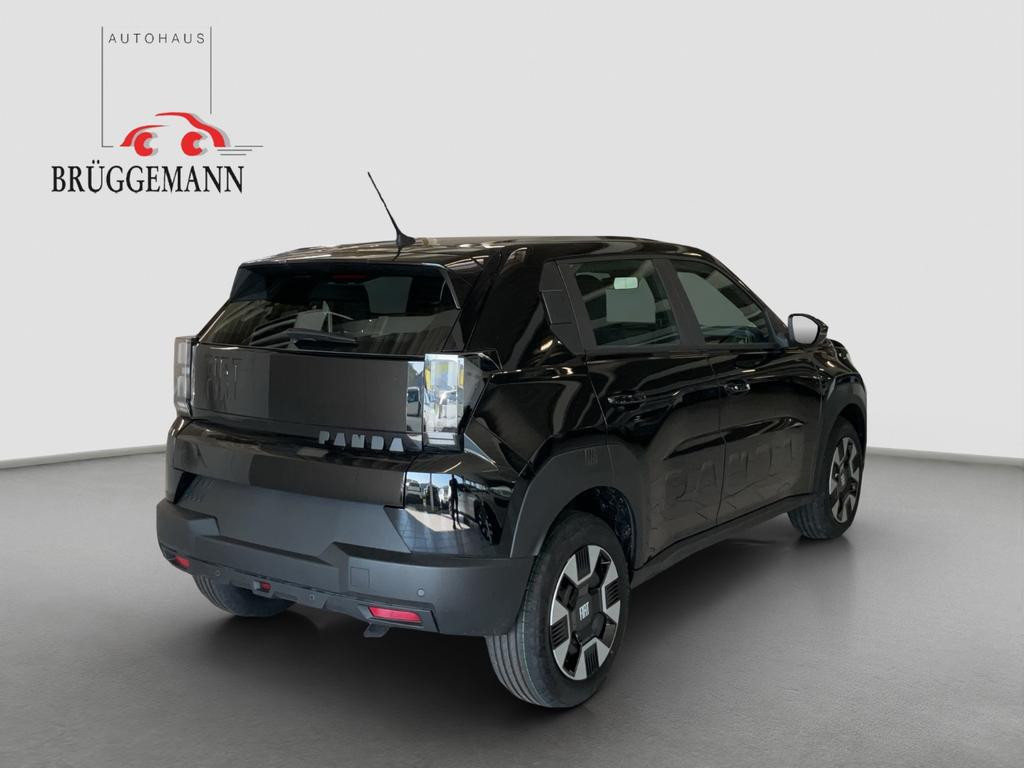 Fiat Grande Panda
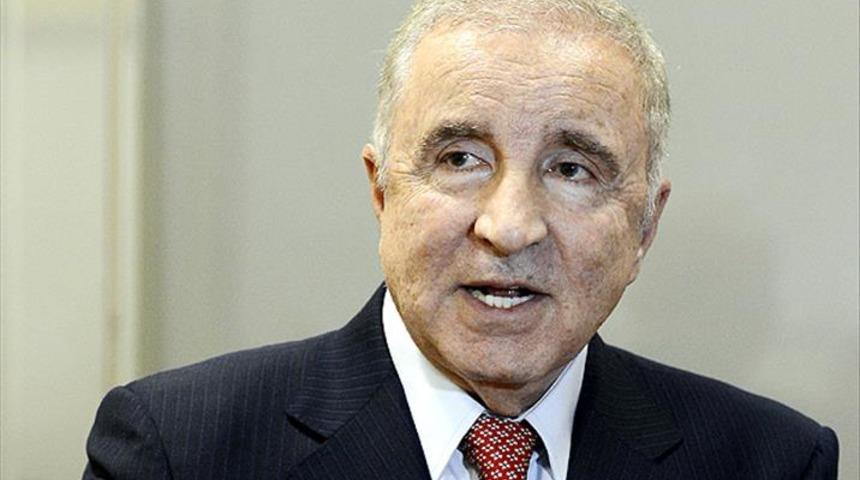 Son dakika: Ünal Aysal başkanlığa aday mı? Resmen açıkladı!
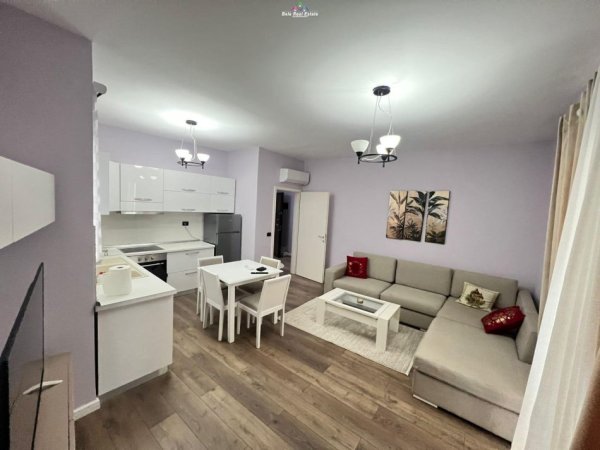 Apartament Me Qera 1+1 Tek Liqeni I Thate (ID B210604) Tirane
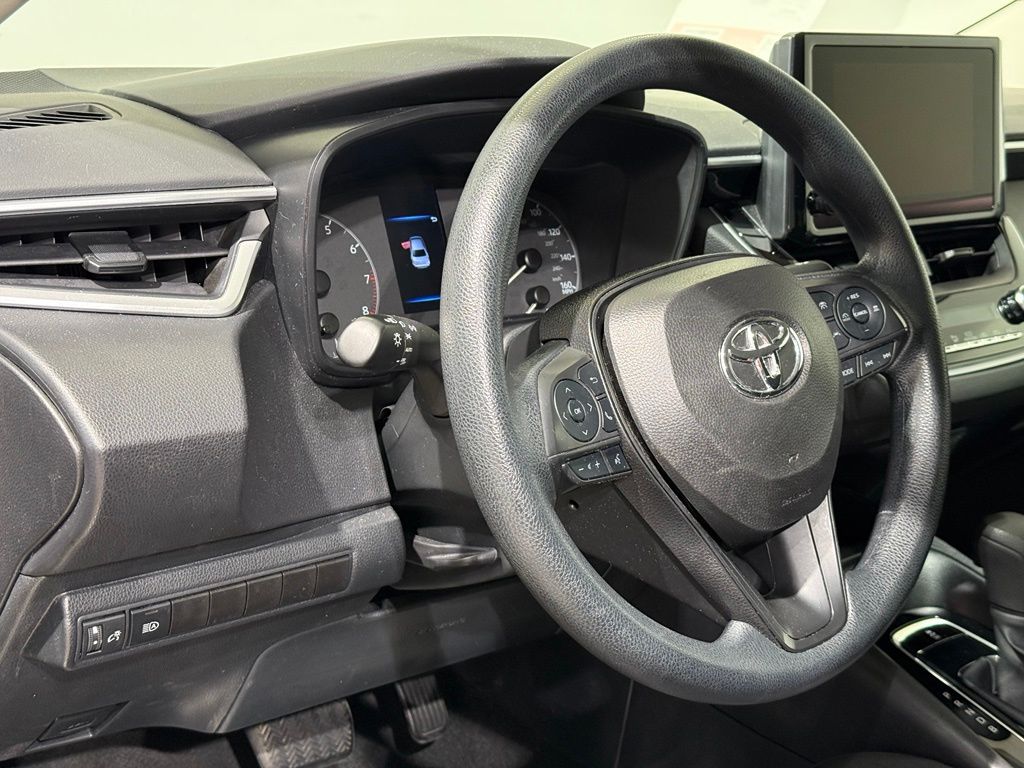Thumbnail: 2024 Toyota Corolla - 16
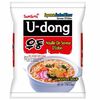 Рамен Samyang U-dong в Men Ramen1 по цене 255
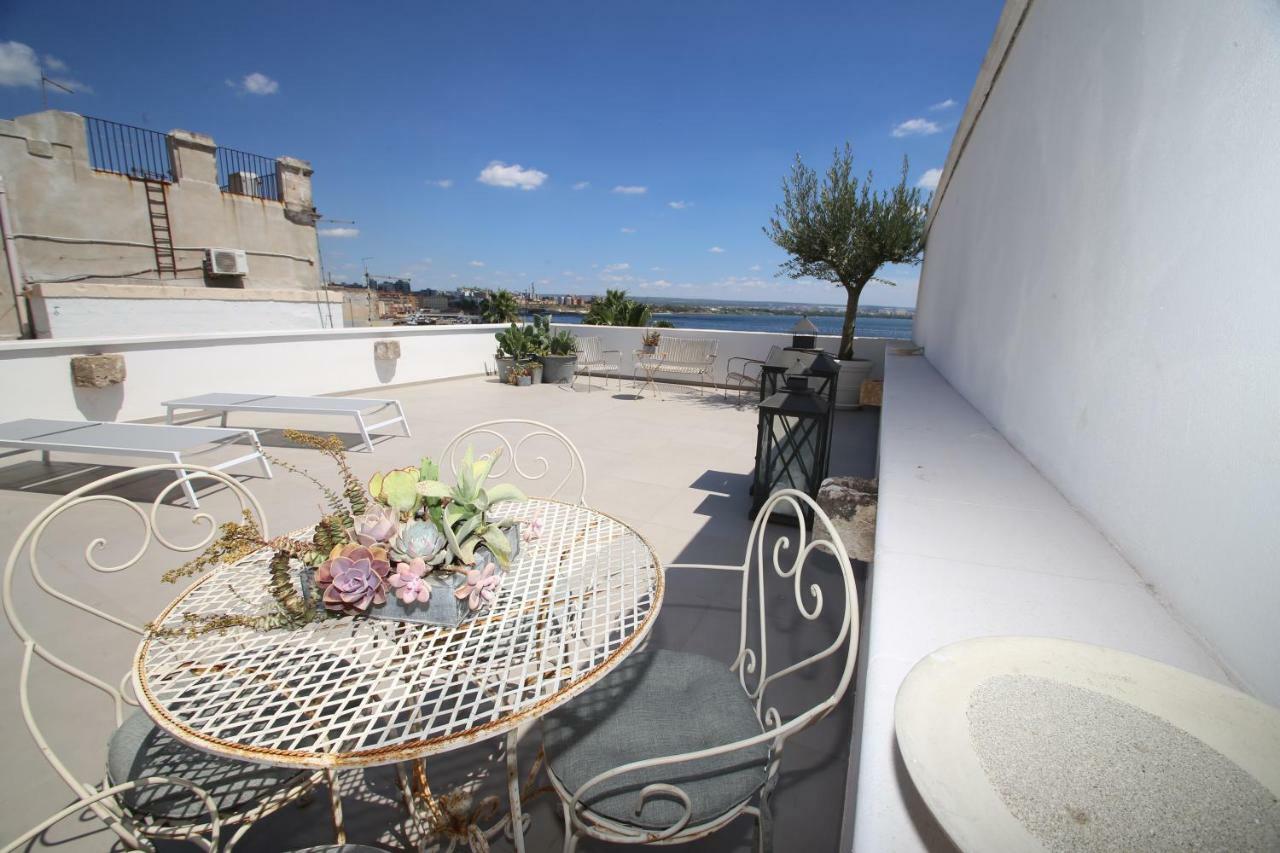 Bed and Breakfast Don Alfredo Tarento Exterior foto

::::::::::

PROBLEM DESCRIPTION> Give the listing again in full, exactly as it is, but without its images.

ANSWER TO THIS TASK>
 Fiat Grande Panda
 Son dakika: Ünal Aysal başkanlığa aday mı? Resmen açıkladı!
 Apartament Me Qera 1+1 Tek Liqeni I Thate (ID B210604) Tirane
Thumbnail: 2024 Toyota Corolla - 16
 Рамен Samyang U-dong в Men Ramen1 по цене 255
 Bed and Breakfast Don Alfredo Tarento Exterior foto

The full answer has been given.